## Your assignment:
A verbatim restatement of the data, free of pictures, is what you should output.

## Extracted information:

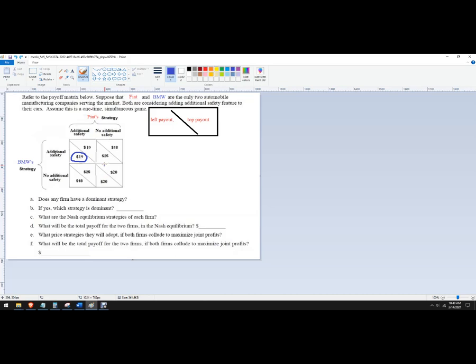Okay, because I don't want to be able to write on this, but you could do that. So you could just cover up the irrelevant information to make it a little easier for you. Okay, so if Fiat chooses no additional safety, we're looking at 25 or 20, and I'm going with 25.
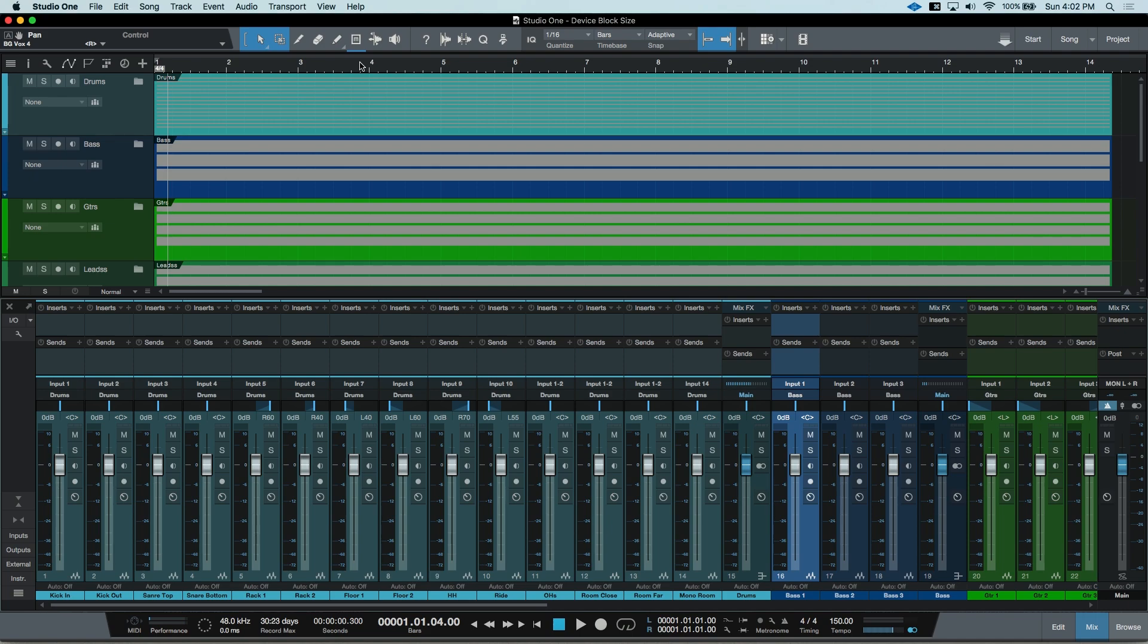The block size, also known as the buffer size, is the amount of time your computer and Studio One will take to process the ins and outs of your sound card or interface.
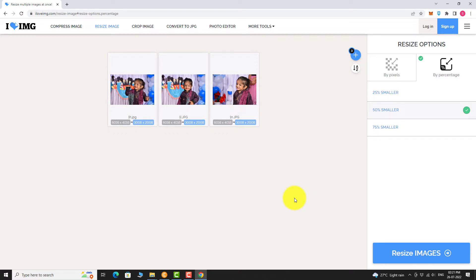In the right sidebar, you can find two resize options. You can resize by percentage or you can resize by pixel.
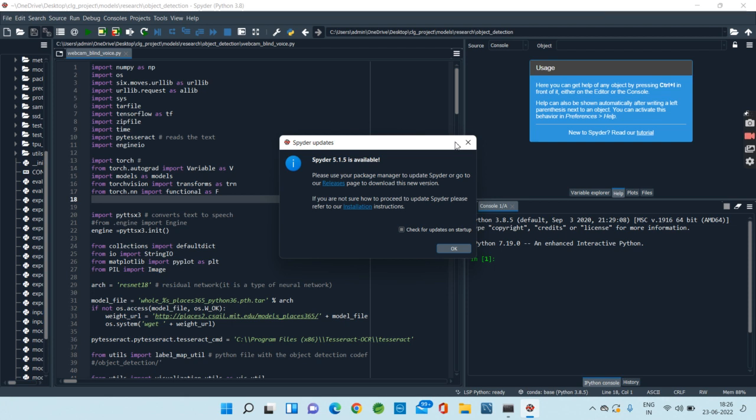We will also obtain the coordinates of the objects in the images and append the position—top, mid, bottom—and distance to the class predictions like cat, dog, bottle, person.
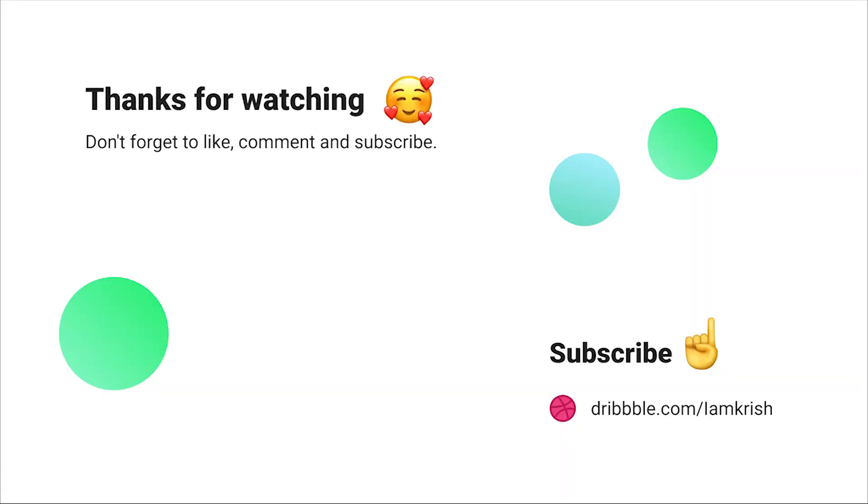If you find this video helpful, please don't forget to like, comment, and subscribe. See you in the next video.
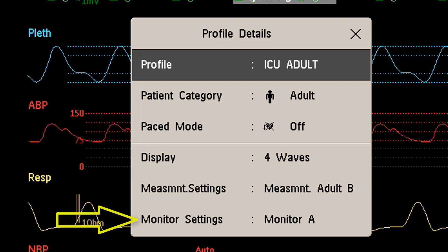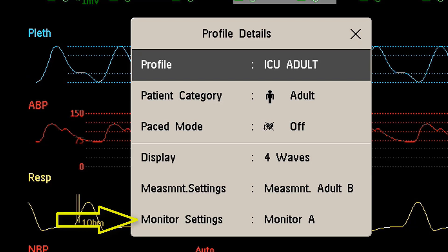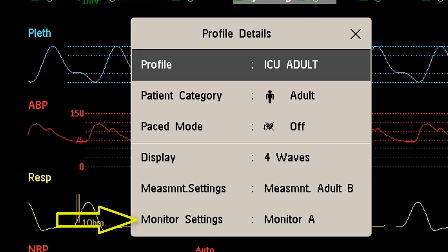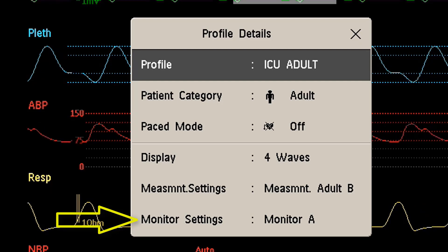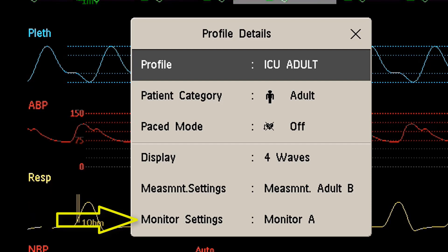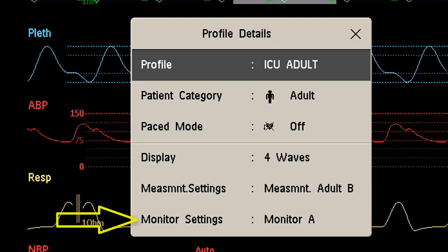The third category is monitor settings. These relate to the monitor as a whole — for example, the brightness of the display, the default alarm volume, the default QRS tone volume, the wave speed, the pulse source, and many other things.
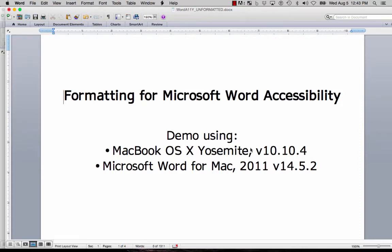Formatting for Microsoft Word Accessibility. This demo was done using a MacBook OS X running Yosemite version 10.10.4 and Microsoft Word for Mac from 2011, version 14.5.2.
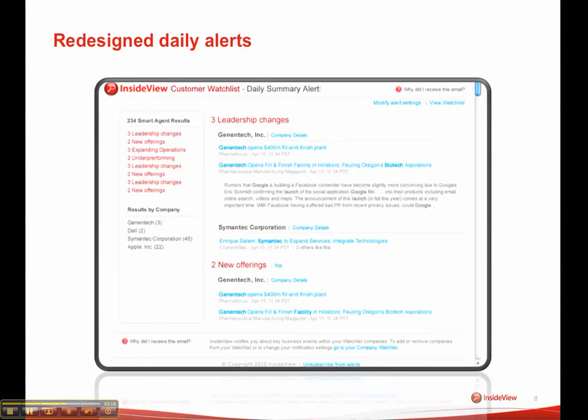And finally, we've redesigned our daily and weekly email summary alerts. We've made them more scannable. On the left-hand side, at the top of your daily or weekly email, you'll now see all of the agents or trigger events, as well as all of the companies within your watchlist for which we've identified key trigger events.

## Written solution:
Okay, because I don't want to be able to write on this, but you could do that. So you could just cover up the irrelevant information to make it a little easier for you. Okay, so if Fiat chooses no additional safety, we're looking at 25 or 20, and I'm going with 25.
The block size, also known as the buffer size, is the amount of time your computer and Studio One will take to process the ins and outs of your sound card or interface.
In the right sidebar, you can find two resize options. You can resize by percentage or you can resize by pixel.
We will also obtain the coordinates of the objects in the images and append the position—top, mid, bottom—and distance to the class predictions like cat, dog, bottle, person.
If you find this video helpful, please don't forget to like, comment, and subscribe. See you in the next video.
The third category is monitor settings. These relate to the monitor as a whole — for example, the brightness of the display, the default alarm volume, the default QRS tone volume, the wave speed, the pulse source, and many other things.
Formatting for Microsoft Word Accessibility. This demo was done using a MacBook OS X running Yosemite version 10.10.4 and Microsoft Word for Mac from 2011, version 14.5.2.
And finally, we've redesigned our daily and weekly email summary alerts. We've made them more scannable. On the left-hand side, at the top of your daily or weekly email, you'll now see all of the agents or trigger events, as well as all of the companies within your watchlist for which we've identified key trigger events.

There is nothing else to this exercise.